My OH moved into my house with me 15 years ago. I found it difficult to share a bedroom again after 5 years alone and soon settled in a spare room (his snoring had a lot to do with that decision!).

Since then I have redecorated the room I sleep in and the other spare bedroom and it is really time to redecorate his room. I have been working full time this year and he has only been working a few hours a week for his old firm so he has been left to his own devices and has started a new hobby, repairing items.

I knew he never put clean clothes away, just piled them on a chest, but I thought that was laziness, now I find his chests of drawers full of tools and bits of metal to do with his hobby. I wanted to replace these drawers with new ones, he can't see the point of doing that, but they were second hand 30 years ago and are past their best.

So my dilemma is do I insist tools are kept in the shed, that a bedroom is just that or do I accept it is his room and up to him what is kept in it? My thought at the moment is something like toy storage boxes in the wardrobe for tools etc but I know that will just grow and grow until there is stuff everywhere again and the shed is already packed with stuff.

Although this is lighthearted in that we will find a compromise, it is also a real issue because he never seems to know when to stop collecting things.

Fiachna56 Sun 25-Aug-19 11:49:06

I would try talking to him and say you would really like to decorate the room. Ask what he thinks in getting some storage boxes for his tools. I don't know if he has a table in the bedroom that he works on? Could suggest a table and storage boxes and suggest to him that the wardrobe be kept for clothes only.

Granny42 Sun 25-Aug-19 11:57:43

I would talk to him to see what he wants, but i think it sounds as though you are fighting a loosing battle!!

FarNorth Sun 25-Aug-19 12:07:58

You both need to decide if his bedroom doubles as a workshop or not.
Are his tools in the chest of drawers as the only available space, or because he likes it that way?
Tidying the tools away too much could discourage him from doing his hobby.

Best of luck.

jura2 Sun 25-Aug-19 12:12:18

well it is his bedroom- so I say his choice.

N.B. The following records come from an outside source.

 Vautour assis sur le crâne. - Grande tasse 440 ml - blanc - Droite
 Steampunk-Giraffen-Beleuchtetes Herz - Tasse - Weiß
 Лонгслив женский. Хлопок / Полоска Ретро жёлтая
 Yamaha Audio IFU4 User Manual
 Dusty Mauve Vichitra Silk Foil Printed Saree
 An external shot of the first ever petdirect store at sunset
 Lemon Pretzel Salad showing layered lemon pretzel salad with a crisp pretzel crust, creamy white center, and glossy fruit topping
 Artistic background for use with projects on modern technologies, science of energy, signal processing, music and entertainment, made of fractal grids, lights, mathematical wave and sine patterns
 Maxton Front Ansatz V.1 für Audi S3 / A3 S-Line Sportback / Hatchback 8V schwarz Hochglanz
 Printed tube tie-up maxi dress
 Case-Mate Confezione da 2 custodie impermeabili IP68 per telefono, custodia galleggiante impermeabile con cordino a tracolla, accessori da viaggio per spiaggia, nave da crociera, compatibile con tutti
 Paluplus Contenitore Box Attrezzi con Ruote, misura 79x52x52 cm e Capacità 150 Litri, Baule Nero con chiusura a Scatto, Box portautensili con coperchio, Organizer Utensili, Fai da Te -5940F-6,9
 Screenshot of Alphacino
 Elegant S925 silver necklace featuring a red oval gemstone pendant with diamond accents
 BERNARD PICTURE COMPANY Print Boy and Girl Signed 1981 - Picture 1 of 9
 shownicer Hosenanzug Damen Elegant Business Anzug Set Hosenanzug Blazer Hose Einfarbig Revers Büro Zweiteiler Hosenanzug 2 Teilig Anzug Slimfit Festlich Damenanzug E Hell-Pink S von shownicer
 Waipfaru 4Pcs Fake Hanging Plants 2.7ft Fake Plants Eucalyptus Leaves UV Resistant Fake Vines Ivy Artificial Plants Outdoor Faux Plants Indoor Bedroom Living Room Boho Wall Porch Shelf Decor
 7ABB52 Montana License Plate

nanasam Sun 25-Aug-19 12:19:02

I think I’d just let him get on with his own ways. It’s his room so you don’t have to live in it! Reminds me of DS when he was at home. I hardly ever went in his room, just put clean linen outside the door when the bed needed changing. If he wanted to live in a slum that was up to him. I had to laugh, though, when he bought his first house, we had to take our shoes off before we went in onto his new wooden floor!

sodapop Sun 25-Aug-19 12:19:30

I know what you mean about storage boxes Lyndylou they will just multiply and spread.
I am a clearer outer, nothing saved or hoarded. Unfortunately my husband then takes all my discarded stuff and hoards it in the barns. We currently have three barns full of
crap stuff which may come in useful. I would store his clothes elsewhere and let him use the chest of drawers for his tools.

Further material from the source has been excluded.